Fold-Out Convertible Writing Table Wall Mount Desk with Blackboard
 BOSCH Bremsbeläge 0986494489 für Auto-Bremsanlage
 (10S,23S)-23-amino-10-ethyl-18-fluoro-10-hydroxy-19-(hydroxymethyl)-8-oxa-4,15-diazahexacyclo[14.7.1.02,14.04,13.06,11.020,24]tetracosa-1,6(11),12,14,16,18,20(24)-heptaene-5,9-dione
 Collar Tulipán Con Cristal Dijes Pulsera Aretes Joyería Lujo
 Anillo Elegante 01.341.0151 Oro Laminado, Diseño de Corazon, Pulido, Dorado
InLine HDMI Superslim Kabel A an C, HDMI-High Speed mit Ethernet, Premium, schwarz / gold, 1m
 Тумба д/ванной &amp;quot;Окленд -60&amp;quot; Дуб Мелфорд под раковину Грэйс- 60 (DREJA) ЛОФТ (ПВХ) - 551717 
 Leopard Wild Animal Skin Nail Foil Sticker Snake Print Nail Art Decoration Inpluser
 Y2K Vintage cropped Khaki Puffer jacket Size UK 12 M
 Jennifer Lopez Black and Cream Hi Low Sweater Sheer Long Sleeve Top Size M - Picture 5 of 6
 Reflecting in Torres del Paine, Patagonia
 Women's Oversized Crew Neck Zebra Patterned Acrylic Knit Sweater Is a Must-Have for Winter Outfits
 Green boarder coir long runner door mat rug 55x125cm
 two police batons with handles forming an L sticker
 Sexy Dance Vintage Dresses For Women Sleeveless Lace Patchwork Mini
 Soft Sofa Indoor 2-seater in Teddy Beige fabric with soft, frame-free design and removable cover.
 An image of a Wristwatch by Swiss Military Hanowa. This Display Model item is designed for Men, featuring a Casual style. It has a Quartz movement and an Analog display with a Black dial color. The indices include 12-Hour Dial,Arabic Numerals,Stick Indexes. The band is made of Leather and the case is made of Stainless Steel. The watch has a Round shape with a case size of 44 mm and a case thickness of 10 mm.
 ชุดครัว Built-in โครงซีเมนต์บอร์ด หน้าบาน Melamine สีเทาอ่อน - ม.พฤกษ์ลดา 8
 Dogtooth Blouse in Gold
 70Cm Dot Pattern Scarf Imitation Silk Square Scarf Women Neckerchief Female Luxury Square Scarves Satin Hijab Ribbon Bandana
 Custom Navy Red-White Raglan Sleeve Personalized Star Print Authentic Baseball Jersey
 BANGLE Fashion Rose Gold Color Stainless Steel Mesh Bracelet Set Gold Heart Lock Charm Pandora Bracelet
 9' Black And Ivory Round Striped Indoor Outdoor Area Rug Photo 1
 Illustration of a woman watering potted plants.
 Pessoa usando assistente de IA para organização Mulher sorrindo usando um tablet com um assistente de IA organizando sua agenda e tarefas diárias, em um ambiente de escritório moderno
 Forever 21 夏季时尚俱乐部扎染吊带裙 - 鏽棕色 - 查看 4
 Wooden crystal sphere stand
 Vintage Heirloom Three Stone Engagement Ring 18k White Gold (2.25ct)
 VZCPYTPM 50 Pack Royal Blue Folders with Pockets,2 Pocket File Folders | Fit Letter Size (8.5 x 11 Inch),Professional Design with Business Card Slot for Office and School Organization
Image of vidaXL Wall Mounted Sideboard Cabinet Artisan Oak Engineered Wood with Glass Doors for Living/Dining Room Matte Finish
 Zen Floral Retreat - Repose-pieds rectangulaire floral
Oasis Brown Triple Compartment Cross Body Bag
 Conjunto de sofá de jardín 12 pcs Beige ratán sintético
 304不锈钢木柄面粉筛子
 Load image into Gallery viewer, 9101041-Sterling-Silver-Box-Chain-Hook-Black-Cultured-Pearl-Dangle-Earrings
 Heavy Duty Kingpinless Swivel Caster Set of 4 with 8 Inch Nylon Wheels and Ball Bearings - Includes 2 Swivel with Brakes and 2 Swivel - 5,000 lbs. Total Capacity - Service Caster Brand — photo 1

-- Exercise details --
Reproduce each entry from the records above, character for character.

-- Result of this task --
Fold-Out Convertible Writing Table Wall Mount Desk with Blackboard
 BOSCH Bremsbeläge 0986494489 für Auto-Bremsanlage
 (10S,23S)-23-amino-10-ethyl-18-fluoro-10-hydroxy-19-(hydroxymethyl)-8-oxa-4,15-diazahexacyclo[14.7.1.02,14.04,13.06,11.020,24]tetracosa-1,6(11),12,14,16,18,20(24)-heptaene-5,9-dione
 Collar Tulipán Con Cristal Dijes Pulsera Aretes Joyería Lujo
 Anillo Elegante 01.341.0151 Oro Laminado, Diseño de Corazon, Pulido, Dorado
InLine HDMI Superslim Kabel A an C, HDMI-High Speed mit Ethernet, Premium, schwarz / gold, 1m
 Тумба д/ванной &amp;quot;Окленд -60&amp;quot; Дуб Мелфорд под раковину Грэйс- 60 (DREJA) ЛОФТ (ПВХ) - 551717 
 Leopard Wild Animal Skin Nail Foil Sticker Snake Print Nail Art Decoration Inpluser
 Y2K Vintage cropped Khaki Puffer jacket Size UK 12 M
 Jennifer Lopez Black and Cream Hi Low Sweater Sheer Long Sleeve Top Size M - Picture 5 of 6
 Reflecting in Torres del Paine, Patagonia
 Women's Oversized Crew Neck Zebra Patterned Acrylic Knit Sweater Is a Must-Have for Winter Outfits
 Green boarder coir long runner door mat rug 55x125cm
 two police batons with handles forming an L sticker
 Sexy Dance Vintage Dresses For Women Sleeveless Lace Patchwork Mini
 Soft Sofa Indoor 2-seater in Teddy Beige fabric with soft, frame-free design and removable cover.
 An image of a Wristwatch by Swiss Military Hanowa. This Display Model item is designed for Men, featuring a Casual style. It has a Quartz movement and an Analog display with a Black dial color. The indices include 12-Hour Dial,Arabic Numerals,Stick Indexes. The band is made of Leather and the case is made of Stainless Steel. The watch has a Round shape with a case size of 44 mm and a case thickness of 10 mm.
 ชุดครัว Built-in โครงซีเมนต์บอร์ด หน้าบาน Melamine สีเทาอ่อน - ม.พฤกษ์ลดา 8
 Dogtooth Blouse in Gold
 70Cm Dot Pattern Scarf Imitation Silk Square Scarf Women Neckerchief Female Luxury Square Scarves Satin Hijab Ribbon Bandana
 Custom Navy Red-White Raglan Sleeve Personalized Star Print Authentic Baseball Jersey
 BANGLE Fashion Rose Gold Color Stainless Steel Mesh Bracelet Set Gold Heart Lock Charm Pandora Bracelet
 9' Black And Ivory Round Striped Indoor Outdoor Area Rug Photo 1
 Illustration of a woman watering potted plants.
 Pessoa usando assistente de IA para organização Mulher sorrindo usando um tablet com um assistente de IA organizando sua agenda e tarefas diárias, em um ambiente de escritório moderno
 Forever 21 夏季时尚俱乐部扎染吊带裙 - 鏽棕色 - 查看 4
 Wooden crystal sphere stand
 Vintage Heirloom Three Stone Engagement Ring 18k White Gold (2.25ct)
 VZCPYTPM 50 Pack Royal Blue Folders with Pockets,2 Pocket File Folders | Fit Letter Size (8.5 x 11 Inch),Professional Design with Business Card Slot for Office and School Organization
Image of vidaXL Wall Mounted Sideboard Cabinet Artisan Oak Engineered Wood with Glass Doors for Living/Dining Room Matte Finish
 Zen Floral Retreat - Repose-pieds rectangulaire floral
Oasis Brown Triple Compartment Cross Body Bag
 Conjunto de sofá de jardín 12 pcs Beige ratán sintético
 304不锈钢木柄面粉筛子
 Load image into Gallery viewer, 9101041-Sterling-Silver-Box-Chain-Hook-Black-Cultured-Pearl-Dangle-Earrings
 Heavy Duty Kingpinless Swivel Caster Set of 4 with 8 Inch Nylon Wheels and Ball Bearings - Includes 2 Swivel with Brakes and 2 Swivel - 5,000 lbs. Total Capacity - Service Caster Brand — photo 1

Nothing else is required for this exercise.